(EXTRACTED DATA)

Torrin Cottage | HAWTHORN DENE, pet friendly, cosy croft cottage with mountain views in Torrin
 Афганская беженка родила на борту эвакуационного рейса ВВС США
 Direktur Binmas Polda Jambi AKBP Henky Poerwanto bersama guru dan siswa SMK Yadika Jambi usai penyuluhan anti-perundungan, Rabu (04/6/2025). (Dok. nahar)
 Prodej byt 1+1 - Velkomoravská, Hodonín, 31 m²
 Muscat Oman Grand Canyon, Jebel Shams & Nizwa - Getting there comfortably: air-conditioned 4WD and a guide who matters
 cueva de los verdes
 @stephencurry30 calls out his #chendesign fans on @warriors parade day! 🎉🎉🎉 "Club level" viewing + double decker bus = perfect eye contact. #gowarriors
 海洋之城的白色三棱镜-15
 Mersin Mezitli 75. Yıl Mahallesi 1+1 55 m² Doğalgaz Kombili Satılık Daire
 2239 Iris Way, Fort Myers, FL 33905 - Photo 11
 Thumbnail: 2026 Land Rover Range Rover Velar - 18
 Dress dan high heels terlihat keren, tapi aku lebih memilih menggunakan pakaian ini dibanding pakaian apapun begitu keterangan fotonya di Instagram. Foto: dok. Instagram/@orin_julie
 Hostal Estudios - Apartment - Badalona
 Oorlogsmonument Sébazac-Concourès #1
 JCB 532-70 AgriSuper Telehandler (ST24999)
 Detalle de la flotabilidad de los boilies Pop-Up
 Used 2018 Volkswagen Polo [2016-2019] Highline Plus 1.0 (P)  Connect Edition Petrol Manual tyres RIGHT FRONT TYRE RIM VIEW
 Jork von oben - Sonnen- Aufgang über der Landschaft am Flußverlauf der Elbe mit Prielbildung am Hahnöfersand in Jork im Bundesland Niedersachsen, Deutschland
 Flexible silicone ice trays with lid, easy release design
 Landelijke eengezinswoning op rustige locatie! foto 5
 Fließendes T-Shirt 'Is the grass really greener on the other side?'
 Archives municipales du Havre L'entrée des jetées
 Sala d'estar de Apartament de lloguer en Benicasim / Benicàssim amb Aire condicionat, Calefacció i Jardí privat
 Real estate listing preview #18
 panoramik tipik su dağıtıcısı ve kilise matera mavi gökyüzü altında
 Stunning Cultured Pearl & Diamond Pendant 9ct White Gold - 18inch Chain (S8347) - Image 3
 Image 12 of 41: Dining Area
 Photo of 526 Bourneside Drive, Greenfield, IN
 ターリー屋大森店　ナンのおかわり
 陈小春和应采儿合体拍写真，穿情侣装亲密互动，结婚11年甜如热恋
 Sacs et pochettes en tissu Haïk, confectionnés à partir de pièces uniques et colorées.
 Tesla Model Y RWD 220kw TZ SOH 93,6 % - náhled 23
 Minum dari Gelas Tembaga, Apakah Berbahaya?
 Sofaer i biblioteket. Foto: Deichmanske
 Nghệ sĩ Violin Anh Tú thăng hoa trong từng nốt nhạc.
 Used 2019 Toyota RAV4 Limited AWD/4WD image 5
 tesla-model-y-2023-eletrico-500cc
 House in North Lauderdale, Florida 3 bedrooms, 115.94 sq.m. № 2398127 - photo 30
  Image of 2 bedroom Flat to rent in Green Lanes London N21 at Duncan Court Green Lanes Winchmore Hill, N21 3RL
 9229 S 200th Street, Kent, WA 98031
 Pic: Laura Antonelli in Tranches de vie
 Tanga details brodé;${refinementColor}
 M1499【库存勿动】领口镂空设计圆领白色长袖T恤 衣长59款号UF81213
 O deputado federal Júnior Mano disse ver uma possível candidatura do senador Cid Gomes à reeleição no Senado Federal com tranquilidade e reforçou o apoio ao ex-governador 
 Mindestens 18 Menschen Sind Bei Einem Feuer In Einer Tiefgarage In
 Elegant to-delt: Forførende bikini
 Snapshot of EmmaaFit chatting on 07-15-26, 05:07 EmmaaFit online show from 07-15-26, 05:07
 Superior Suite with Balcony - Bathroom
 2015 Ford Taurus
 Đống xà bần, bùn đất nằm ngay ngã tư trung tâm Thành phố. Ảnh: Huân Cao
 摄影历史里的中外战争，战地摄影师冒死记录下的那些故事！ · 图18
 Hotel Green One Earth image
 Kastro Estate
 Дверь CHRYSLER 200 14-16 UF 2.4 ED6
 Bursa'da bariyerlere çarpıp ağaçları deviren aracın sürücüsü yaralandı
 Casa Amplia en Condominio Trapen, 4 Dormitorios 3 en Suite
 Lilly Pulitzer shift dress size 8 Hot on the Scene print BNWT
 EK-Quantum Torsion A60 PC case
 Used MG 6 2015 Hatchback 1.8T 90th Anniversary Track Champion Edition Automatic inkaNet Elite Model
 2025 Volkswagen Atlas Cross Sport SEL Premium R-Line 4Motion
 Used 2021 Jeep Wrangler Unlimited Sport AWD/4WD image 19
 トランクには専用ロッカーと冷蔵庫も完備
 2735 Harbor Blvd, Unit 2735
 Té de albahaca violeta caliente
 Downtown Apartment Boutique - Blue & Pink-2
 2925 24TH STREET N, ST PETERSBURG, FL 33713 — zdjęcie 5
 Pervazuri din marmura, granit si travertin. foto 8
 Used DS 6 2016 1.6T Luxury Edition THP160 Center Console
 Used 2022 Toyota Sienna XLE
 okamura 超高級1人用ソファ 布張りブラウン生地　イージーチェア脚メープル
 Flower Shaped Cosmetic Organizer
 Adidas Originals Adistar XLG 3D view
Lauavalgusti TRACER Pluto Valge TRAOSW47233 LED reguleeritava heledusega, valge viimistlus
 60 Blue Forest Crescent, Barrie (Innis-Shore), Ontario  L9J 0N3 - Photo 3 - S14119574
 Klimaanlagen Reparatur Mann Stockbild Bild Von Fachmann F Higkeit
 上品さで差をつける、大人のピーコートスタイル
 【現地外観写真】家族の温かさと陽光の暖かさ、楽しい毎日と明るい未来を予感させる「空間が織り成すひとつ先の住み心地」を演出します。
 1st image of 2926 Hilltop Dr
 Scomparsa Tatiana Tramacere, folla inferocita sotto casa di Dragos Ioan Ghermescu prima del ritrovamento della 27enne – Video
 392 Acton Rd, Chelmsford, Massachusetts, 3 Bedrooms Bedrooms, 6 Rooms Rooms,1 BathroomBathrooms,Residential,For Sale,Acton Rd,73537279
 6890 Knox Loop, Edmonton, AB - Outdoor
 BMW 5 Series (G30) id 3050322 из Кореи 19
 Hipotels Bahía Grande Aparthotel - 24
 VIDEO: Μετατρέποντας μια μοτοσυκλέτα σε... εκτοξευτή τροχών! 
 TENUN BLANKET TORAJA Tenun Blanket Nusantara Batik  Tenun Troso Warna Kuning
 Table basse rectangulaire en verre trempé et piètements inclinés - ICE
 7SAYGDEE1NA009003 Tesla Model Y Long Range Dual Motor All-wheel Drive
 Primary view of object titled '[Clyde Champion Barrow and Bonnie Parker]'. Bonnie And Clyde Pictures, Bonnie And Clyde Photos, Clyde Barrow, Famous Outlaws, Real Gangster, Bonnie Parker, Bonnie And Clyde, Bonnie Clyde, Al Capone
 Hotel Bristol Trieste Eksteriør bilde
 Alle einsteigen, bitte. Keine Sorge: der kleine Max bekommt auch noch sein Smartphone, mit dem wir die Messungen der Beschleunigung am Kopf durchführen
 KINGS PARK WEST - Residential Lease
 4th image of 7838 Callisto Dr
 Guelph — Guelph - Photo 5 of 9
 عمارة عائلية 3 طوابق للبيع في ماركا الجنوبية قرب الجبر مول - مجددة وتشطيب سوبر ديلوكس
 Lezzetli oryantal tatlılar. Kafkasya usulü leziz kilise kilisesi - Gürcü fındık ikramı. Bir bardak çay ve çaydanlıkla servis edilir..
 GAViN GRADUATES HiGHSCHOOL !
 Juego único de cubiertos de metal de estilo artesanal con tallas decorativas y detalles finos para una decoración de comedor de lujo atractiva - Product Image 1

(End EXTRACTED DATA)

__TASK OBJECTIVE__: Collect the lines of the data that carry the word "Blue".

__OUTPUT BELOW__:
 Downtown Apartment Boutique - Blue & Pink-2
 60 Blue Forest Crescent, Barrie (Innis-Shore), Ontario  L9J 0N3 - Photo 3 - S14119574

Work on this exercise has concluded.